PIFcamp #4 sound projects

It seems like the latest PIFcamp, well, its amazing participants, produced more  sound related projects than we anticipated! We are re-posting some of them so you can all take a sound trip down the Soča memory lane.

Juan Manuel Escalante: Sounds of Soča (Zvoki Soče)

Photo by J. M. Escalante

Zvoki Soče is a one week project made in the Julian Alps during PIFcamp 2018, featuring field recordings, electronic sounds and visual scores.

Photo by J. M. Escalante

Alexander Phleps: “Create one piece of sound every day”

Alexander made an audio collage of various sound & field recordings (also featuring jam sessions) during PIFcamp and turned them into 7 tracks – each for every day. Listen to them here:

Ina Thomann (Lino Leum): Sonance Garden

Listen the 2-minute recording from Ina’s installation Sonance Garden in which 3 sensors influenced the sound of the PIFcamp environment:

Aleš Januš Luznar (Yanoosh): Ictus Cordis

During PIFcamp Yanoosh was working on an audiovisual project where his hearth is used as an instrument. In Ictus Cordis the artist explores the application of the biofeedback method or a mutual heart reaction to the stream of a sound composition as an artistic inspiration. The project was presented in Ljubljana on 24, 25 & 26 November.

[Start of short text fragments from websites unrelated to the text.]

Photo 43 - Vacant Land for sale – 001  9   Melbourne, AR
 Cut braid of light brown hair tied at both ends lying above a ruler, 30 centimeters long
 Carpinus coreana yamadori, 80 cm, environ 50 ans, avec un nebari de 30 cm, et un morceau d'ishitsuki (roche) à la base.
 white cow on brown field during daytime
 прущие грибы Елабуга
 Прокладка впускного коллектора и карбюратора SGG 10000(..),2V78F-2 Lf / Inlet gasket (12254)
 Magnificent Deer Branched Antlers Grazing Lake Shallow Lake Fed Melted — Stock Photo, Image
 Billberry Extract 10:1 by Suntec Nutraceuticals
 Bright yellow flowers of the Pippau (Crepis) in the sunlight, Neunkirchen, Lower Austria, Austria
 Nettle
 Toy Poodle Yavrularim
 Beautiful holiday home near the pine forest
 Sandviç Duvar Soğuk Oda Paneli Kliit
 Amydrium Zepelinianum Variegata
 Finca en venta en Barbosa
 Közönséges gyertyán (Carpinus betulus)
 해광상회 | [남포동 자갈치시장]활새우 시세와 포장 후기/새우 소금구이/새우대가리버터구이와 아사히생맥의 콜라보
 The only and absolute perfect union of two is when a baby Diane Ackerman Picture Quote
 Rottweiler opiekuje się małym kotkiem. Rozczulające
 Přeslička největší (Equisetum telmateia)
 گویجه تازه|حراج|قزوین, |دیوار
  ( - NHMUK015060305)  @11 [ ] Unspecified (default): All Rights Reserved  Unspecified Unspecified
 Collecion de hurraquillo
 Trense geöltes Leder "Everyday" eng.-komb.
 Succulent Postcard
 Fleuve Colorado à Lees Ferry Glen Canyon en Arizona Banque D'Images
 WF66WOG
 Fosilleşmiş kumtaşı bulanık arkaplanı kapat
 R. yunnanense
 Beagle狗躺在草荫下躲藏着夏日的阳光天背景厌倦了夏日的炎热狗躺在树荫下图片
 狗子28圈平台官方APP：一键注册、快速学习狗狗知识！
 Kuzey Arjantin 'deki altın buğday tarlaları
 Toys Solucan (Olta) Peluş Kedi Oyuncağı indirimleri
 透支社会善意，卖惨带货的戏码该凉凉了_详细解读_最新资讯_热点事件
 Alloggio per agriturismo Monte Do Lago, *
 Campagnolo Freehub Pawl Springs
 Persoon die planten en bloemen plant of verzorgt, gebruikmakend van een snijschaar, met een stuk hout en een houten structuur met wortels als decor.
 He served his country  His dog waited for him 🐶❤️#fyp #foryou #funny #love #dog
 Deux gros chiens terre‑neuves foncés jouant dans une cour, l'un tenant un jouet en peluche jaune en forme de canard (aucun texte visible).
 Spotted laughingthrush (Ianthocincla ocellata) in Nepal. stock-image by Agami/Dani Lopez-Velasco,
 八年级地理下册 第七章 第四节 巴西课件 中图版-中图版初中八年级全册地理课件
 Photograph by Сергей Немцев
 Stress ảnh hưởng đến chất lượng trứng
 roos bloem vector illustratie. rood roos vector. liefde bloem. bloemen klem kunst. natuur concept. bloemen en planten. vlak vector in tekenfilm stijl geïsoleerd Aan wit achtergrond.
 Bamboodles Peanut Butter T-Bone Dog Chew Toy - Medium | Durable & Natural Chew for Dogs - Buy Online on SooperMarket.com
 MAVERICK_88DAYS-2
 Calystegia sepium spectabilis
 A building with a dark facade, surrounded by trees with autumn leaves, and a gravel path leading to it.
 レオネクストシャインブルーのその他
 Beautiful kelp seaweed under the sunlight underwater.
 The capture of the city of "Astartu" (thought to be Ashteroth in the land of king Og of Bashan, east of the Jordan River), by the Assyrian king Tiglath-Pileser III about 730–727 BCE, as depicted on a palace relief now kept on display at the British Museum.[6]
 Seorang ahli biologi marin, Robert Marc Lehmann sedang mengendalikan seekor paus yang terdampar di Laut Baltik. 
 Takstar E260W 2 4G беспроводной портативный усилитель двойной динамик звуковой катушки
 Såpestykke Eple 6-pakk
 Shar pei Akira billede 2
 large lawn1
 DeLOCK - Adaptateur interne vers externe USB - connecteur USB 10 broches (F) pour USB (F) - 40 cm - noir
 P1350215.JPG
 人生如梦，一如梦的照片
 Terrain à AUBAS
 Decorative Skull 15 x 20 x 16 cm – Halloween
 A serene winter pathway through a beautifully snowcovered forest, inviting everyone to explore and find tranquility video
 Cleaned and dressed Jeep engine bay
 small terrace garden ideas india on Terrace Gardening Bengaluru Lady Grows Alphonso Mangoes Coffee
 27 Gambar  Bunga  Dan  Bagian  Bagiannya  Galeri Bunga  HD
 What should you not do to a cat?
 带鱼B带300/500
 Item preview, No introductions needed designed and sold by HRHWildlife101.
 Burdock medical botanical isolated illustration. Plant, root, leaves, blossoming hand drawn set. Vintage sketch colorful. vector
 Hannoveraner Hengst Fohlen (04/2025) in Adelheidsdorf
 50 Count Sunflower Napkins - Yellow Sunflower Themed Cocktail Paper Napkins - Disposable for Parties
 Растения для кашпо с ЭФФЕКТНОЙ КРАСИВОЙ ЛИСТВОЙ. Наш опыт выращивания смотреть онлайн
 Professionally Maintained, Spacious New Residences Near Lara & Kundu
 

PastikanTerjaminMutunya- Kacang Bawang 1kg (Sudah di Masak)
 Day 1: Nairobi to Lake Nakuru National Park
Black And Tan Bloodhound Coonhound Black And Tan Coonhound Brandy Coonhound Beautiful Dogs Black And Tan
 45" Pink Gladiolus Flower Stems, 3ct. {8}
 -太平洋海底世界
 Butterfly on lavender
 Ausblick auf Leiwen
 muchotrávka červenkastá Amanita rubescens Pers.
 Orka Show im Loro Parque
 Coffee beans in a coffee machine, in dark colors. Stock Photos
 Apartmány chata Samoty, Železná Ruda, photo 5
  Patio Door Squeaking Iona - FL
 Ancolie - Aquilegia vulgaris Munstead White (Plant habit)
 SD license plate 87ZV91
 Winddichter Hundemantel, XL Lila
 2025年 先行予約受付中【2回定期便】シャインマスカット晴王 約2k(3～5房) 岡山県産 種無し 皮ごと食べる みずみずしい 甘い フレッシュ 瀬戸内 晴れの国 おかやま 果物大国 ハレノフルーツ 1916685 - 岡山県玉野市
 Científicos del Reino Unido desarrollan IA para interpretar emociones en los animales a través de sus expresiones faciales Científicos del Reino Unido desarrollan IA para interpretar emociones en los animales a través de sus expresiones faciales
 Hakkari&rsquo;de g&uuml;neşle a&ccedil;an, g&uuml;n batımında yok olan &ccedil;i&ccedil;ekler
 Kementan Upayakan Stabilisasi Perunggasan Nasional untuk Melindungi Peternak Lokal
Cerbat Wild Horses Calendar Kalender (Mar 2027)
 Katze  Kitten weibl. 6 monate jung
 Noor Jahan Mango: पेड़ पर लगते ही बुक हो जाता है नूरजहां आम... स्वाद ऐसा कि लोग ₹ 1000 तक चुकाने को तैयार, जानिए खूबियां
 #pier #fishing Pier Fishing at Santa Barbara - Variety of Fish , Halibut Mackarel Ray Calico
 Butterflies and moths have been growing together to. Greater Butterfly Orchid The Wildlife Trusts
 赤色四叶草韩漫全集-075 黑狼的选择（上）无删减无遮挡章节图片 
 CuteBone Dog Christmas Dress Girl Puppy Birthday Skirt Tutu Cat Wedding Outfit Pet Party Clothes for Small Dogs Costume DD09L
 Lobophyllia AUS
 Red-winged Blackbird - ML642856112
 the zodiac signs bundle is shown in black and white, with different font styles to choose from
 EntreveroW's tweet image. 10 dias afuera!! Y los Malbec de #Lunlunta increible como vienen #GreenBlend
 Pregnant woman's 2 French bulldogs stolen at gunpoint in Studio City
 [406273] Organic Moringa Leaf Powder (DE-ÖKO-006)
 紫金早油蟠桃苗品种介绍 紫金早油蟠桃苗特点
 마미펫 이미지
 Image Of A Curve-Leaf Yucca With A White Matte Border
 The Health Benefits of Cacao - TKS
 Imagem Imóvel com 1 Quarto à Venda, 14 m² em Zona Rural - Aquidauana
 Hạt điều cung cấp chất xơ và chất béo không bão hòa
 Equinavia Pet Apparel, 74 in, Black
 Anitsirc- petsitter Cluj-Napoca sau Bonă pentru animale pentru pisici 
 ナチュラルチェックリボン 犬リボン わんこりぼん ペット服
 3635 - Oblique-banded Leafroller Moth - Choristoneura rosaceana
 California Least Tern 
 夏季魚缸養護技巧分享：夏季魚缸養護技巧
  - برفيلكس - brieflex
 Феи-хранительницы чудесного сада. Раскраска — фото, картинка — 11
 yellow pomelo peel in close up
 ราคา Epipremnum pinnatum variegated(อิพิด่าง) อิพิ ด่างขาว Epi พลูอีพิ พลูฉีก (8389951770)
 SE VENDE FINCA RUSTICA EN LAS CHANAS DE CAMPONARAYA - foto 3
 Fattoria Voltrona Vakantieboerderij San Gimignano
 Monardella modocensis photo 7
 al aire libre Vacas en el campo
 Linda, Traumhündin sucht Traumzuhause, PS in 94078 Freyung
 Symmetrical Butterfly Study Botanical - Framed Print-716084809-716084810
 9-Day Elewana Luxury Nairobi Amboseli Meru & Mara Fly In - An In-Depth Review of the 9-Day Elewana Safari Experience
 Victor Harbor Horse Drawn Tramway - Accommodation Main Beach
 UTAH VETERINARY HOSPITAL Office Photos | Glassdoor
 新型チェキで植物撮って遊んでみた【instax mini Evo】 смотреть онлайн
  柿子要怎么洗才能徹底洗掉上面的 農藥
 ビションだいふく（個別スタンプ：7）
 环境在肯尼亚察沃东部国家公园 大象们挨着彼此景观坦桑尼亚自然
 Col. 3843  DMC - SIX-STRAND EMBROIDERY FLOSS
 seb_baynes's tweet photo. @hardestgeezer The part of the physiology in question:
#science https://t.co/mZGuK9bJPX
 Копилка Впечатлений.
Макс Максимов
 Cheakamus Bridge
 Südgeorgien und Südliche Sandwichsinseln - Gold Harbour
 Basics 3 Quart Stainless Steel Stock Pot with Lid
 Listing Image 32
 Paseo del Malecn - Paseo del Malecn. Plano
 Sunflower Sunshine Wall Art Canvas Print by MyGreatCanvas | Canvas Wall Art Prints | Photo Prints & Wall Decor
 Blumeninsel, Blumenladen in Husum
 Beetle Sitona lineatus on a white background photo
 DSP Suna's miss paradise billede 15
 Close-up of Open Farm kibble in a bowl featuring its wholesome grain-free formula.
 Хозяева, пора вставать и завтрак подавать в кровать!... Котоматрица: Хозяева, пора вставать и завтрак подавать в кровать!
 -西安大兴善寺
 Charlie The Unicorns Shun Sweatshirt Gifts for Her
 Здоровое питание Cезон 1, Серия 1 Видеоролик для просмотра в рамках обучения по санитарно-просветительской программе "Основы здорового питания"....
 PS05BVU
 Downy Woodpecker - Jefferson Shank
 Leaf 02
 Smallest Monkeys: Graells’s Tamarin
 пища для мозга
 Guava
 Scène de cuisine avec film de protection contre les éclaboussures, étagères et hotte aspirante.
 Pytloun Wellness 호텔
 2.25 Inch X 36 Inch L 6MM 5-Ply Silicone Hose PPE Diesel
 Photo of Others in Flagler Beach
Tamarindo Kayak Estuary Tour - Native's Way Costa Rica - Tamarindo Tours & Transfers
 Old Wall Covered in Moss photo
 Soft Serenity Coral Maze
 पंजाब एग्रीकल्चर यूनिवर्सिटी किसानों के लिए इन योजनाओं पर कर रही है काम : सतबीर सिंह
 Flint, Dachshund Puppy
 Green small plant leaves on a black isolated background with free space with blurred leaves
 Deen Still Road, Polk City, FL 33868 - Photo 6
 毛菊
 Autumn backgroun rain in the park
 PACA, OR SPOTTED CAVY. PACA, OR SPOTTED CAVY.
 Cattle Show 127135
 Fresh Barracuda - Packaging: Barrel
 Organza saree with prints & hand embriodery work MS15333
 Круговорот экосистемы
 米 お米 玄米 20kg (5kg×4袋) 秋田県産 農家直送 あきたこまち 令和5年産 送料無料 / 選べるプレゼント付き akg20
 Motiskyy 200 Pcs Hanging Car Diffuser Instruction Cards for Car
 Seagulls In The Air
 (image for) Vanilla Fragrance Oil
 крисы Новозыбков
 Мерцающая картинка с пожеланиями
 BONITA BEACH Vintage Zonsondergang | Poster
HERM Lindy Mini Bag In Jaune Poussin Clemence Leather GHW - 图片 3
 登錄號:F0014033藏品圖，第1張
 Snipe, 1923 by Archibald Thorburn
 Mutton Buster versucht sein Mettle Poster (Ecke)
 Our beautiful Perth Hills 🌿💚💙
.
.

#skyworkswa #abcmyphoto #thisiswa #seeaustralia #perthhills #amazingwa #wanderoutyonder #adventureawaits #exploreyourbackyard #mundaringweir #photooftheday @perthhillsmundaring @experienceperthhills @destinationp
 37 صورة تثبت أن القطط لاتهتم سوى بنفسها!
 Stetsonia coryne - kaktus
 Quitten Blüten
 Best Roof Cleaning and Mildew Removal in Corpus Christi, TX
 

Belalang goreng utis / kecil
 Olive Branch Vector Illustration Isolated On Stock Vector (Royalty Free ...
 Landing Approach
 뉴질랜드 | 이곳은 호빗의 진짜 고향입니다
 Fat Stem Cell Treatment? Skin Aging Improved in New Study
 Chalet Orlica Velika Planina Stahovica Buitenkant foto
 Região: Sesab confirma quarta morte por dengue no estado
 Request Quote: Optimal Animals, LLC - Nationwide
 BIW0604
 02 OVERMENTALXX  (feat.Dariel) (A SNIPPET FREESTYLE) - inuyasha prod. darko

PIFcamp 2018 – Images and Sounds!

The envisioned and realizable PIFprojects are about to be completed. Another contribution to the long list is the Library of Missing Parts and Inclusive Circuits, a humorous database of missing graphic representations, which illustrate our relationship to technology. The sensor building workshop led by Hannah and Vaclav is going along nicely. We managed to build several sensors from textiles, which will sonify our work through modular synthesis.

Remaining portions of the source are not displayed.